ハイウェイスターはグリル部分が拡大されているため、Vモーションがより強調され、一目でデイズとわかるプロポーションです。
そんなデイズのフルモデルチェンジに合わせて、日産の関連会社オーテックジャパンは、オリジナルでカスタマイズした『ボレロ』を発表。
専用のエアロパーツやモードピンクの明るい室内色など、女性が好む可愛らしいデザインにカスタムされています。
eKワゴンのフロントマスクは控えめなイメージですが、eKクロスは三菱のグローバルデザインアイコンである『ダイナミックシールド』を採用。
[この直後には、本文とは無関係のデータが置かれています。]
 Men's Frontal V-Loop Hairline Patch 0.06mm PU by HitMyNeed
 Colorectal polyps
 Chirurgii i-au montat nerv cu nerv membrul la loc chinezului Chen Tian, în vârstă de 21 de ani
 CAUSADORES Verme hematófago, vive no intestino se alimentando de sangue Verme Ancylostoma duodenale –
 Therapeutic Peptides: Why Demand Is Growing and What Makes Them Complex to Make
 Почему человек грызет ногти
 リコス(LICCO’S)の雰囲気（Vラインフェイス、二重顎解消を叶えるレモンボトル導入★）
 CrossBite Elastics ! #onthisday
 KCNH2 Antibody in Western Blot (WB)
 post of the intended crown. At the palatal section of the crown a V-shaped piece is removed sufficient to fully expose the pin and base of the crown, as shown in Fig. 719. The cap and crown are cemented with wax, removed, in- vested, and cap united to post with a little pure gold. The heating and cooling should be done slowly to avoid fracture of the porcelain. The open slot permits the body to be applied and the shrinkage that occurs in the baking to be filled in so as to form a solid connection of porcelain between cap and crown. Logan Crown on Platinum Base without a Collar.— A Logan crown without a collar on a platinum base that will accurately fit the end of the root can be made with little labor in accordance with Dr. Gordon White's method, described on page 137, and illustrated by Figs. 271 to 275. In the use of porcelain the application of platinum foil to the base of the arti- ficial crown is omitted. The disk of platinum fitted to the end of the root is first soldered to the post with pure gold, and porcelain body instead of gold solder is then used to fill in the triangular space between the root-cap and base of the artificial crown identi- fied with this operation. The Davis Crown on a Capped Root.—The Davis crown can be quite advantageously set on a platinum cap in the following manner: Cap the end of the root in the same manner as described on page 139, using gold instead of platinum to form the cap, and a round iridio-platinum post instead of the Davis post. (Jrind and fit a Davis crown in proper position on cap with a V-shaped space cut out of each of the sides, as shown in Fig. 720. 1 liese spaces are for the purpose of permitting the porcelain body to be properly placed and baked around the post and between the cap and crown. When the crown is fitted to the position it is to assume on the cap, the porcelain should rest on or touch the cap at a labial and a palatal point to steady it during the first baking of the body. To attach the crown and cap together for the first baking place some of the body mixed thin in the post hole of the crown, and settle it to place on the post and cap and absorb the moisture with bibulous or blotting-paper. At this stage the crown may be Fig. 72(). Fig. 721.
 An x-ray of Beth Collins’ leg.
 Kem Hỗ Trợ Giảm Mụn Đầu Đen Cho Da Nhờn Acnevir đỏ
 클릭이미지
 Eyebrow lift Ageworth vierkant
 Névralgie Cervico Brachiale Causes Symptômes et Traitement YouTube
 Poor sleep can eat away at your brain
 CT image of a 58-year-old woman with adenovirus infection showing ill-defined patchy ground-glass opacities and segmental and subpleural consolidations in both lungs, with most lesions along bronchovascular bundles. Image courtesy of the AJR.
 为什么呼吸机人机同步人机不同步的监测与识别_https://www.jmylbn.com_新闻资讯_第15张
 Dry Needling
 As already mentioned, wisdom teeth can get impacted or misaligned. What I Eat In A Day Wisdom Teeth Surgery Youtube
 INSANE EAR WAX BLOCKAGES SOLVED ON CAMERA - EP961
フェンダーやサイドスカートに黒い樹脂を用い、フロント/リアバンパーにはアルミカバーが装着されて、クロスオーバーな雰囲気を演出するなど、去年発売された新型デリカD:5の軽自動車版のような、大胆なデザインとなっています。
日産デイズのスペック
デイズ S/X | デイズ ハイウェイスターX | デイズ ハイウェイスターGターボ | ||
---|---|---|---|---|
車名・型式 | 5BA-B43W | 5AA-B44W | 4AA-B45W | |
全長×全幅×全高(mm) | 3,395×1,475×1,640 | 3,395×1,475×1,640 | 3,395×1,475×1,640 | |
ホイールベース(mm) | 2,065 | 2,065 | 2,065 | |
重量重量(kg) | FF:830 4WD:890 |
FF:860 4WD:900 |
FF:880 4WD:920 |
|
エンジン | 種類 | 直列3気筒DOHC | 直列3気筒DOHC | 直列3気筒DOHCターボ |
総排気量(cc) | 659 | 659 | 659 | |
圧縮比 | 12 | 12 | 9.2 | |
ボア×ストローク(mm) | 62.7×71.2 | 62.7×71.2 | 62.7×71.2 | |
最高出力(kW[PS]/rpm) | 38[52]/6,400 | 38[52]/6,400 | 47[64]/5,600 | |
最大トルク(N・m[kg・m/rpm) | 60[6.1]/3,600 | 60[6.1]/3,600 | 100[10.2]/2,400 | |
モーター | 種類 | – | 交流同期電動機 | 交流同期電動機 |
最高出力(kW/rpm) | – | 2.0/1,200 | 2.0/1,200 | |
最大トルク(N・m/rpm) | – | 40/100 | 40/100 | |
トランスミッション | エクストロニックCVT | エクストロニックCVT | エクストロニックCVT | |
駆動方式 | FF/4WD | FF/4WD | FF/4WD | |
前/後タイヤサイズ | 155/65R14 | 155/65R14 | 165/55R15 | |
燃費値(km/L) | WLTCモード 総合 | FF:21.2 4WD:18.2 |
FF:21.2 4WD:18.8 |
FF:19.2 4WD:16.8 |
JC08モード | FF:29.4 4WD:24.6 |
FF:29.8 4WD:25.4 |
FF:25.2 4WD:22.8 |
価格(税込) | |
---|---|
日産・デイズ | 1,273,320~1,647,000円 |
三菱・eKワゴン | 1,296,000~1,506,600円 |
三菱・eKクロス | 1,414,800~1,765,800円 |
まとめ
これまで日産の軽自動車は、他メーカーからのOEMに頼っており、NMKV設立後もデイズの開発は、三菱主体で進められてきましたが、今回初めて日産が、軽自動車の企画・開発に本腰をいれて誕生した新型デイズと新型eKワゴン/eKクロスの作りは、知れ知るほど素晴らしいものです。
これは、ワゴンR、ムーブ、N-WGNといった軽トールワゴンのライバル車を、一気に超える存在になるかもしれません。